The Markets This Week
STOCKS SNAGGED JUST THEIR second gain in 10 weeks, but the 12% rise from their 12-year lows was enough for depression to give way to debate: Is this yet another bear-market bounce, or the start of something more meaningful?
Given its track record of flubs — four premature, hope-inducing rallies so far this bear market, none of them lasting — the burden is squarely on the market to show why it deserves our attention (and our money). But even the skeptics are watching for signs of gathering momentum that could turn this bounce into a more promising and sustained rally.
As always, the reasons behind the surge seem less compelling than an oversold market's impetus to correct its recent grim excesses. In yet another sign that not bad is the new good, General Motors (ticker: GM) rallied hard after it proclaimed it may have enough cash to survive through March without further government grease. Bank stocks jumped after executives declared their basic lending operations still viable — if not for asset losses. Even a spate of drug deals, including Merck's (MRK) $41 billion bid for Schering Plough (SGP), was hailed not as a stab at consolidating weak pipelines but as a return of merger appetite.
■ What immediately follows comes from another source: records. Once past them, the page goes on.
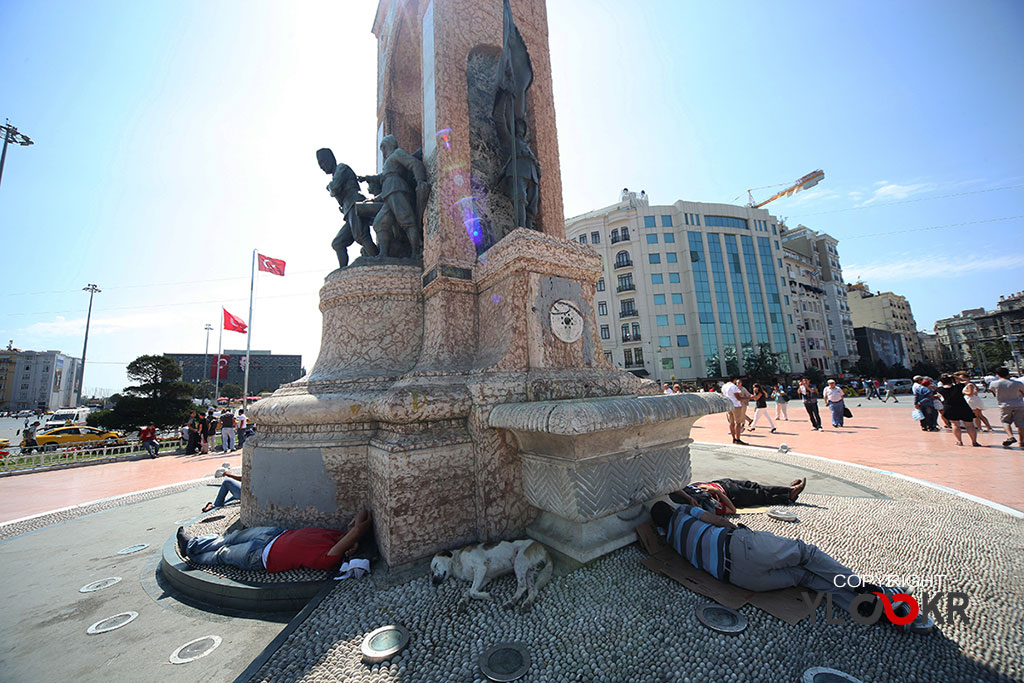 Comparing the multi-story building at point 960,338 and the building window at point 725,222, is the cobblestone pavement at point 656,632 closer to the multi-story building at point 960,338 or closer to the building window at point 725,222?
the building window at point 725,222

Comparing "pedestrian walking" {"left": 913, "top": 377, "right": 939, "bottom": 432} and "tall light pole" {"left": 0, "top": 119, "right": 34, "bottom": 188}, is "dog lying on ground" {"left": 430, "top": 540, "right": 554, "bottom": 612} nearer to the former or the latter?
"pedestrian walking" {"left": 913, "top": 377, "right": 939, "bottom": 432}

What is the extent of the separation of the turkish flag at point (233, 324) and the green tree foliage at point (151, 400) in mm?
4953

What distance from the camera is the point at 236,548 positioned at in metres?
2.90

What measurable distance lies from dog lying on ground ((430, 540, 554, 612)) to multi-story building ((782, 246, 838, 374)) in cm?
5103

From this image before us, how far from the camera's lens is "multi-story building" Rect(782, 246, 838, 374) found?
45219 millimetres

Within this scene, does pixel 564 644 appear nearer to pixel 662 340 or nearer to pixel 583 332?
pixel 583 332

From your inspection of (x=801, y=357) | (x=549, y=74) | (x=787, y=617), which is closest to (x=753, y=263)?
(x=801, y=357)

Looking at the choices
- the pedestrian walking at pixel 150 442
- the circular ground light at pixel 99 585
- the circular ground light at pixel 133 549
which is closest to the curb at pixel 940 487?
the circular ground light at pixel 99 585

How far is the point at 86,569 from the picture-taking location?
3.45 m

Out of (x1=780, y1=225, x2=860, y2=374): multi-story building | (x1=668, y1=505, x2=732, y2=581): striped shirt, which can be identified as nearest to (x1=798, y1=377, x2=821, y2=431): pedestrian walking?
(x1=668, y1=505, x2=732, y2=581): striped shirt

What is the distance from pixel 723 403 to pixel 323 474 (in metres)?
3.30

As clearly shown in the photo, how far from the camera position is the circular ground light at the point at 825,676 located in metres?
1.59

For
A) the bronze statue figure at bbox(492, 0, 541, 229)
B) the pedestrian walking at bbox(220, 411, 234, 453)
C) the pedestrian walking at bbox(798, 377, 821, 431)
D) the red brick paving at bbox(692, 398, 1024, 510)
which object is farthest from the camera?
the pedestrian walking at bbox(220, 411, 234, 453)

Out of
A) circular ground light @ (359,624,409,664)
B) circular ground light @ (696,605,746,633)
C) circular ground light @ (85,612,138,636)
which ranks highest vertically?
circular ground light @ (696,605,746,633) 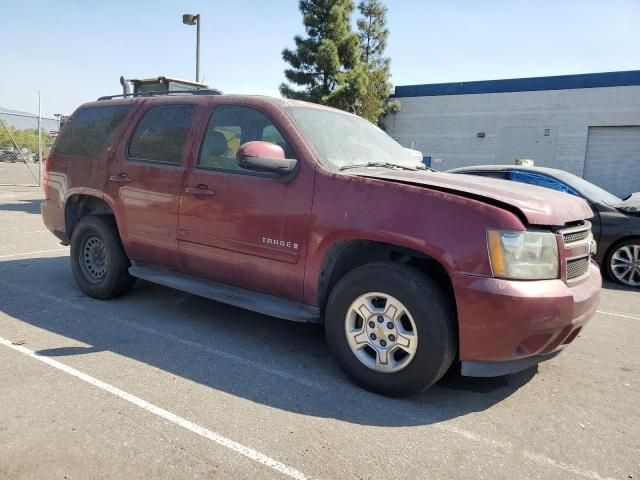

The Dow Jones Industrial Average snapped a four-week losing streak to advance 597, or 9%, to 7224. Its four-day run from Tuesday to Friday was its longest advancing streak since late-November- incidentally when stocks embarked on a 24% run that unraveled eventually and dramatically.
What are the knocks against this rally? Silenced for so long, the bottom-callers surfaced quickly and eagerly. The descent to a 12-year low was orderly and the turnaround abrupt, with little of the customary panic and surrender that mark stock-market bottoms. One Wall Street technical market analyst, flagged "the structure of the decline so far in 2009 and the lack of a high-intensity washout prior to the advance" as causes for circumspection. He thinks this S&P 500 rally could fizzle between 740 and 795, before sinking to a new low below 666.
But even bear-market bounces ought to be respected. Four prior rallies during this bear market have generated average gains of 17%, which suggests this pop, should it follow precedent, might have legs.
The rally has also energized the cottage industry of "second derivative" watchers who scrutinize the velocity of economic decline for signs of deceleration. Glum for so long, they were abuzz last week when consumer sentiment ticked up, and when non-auto retail sales rose 0.7% in February to register their first back-to-back gains since last July.
There were other mildly encouraging signs: S&P finally downgraded General Electric 's (GE) triple-A credit rating only to see the stock jump 13%, which bulls hail as evidence that bad news is fully priced in. Even as stocks dipped below their November lows on Monday, some measures of market strength — like the crop of stocks plumbing fresh year lows — didn't deteriorate drastically. Stock markets in China and Latin America continue to improve, and only a third of the 42 global benchmarks have recently skidded below their November lows. Says a well known Wall Street chief investment strategist: "This carries a message that the global stimulus will have more of an economic impact than is suggested by the dropping Dow and S&P 500."
THE EXCUSE BANK STOCKS seized for their levitation was the widely (and conveniently) circulated memo that Citigroup 's (C) chief executive sent, telling employees the bank was on track for its best quarter since 2007. Not to be outshone, the heads of JPMorgan Chase (JPM) and Bank of America (BAC) loudly declared their profitability.
This isn't an all-clear signal, however, since these operational profits do not count potential write-downs from asset losses that could still surface. And the threat of such losses won't abate until real-estate prices stabilize, and defaults from credit cards or consumer loans begin to wane.
Nonetheless, it was a reminder that banks' basic lending operations can still make money. "If you can borrow at near zero and lend at much higher rates, how can you not make money?" says a market analyst. He counted nine peaks in the yield curve since 1962, defined as a wide spread between the yield on 10-year and three-month Treasuries, and financial stocks have rallied every single time after the yield curve peaked to produce returns averaging 24% a year later (source: Barrons Online).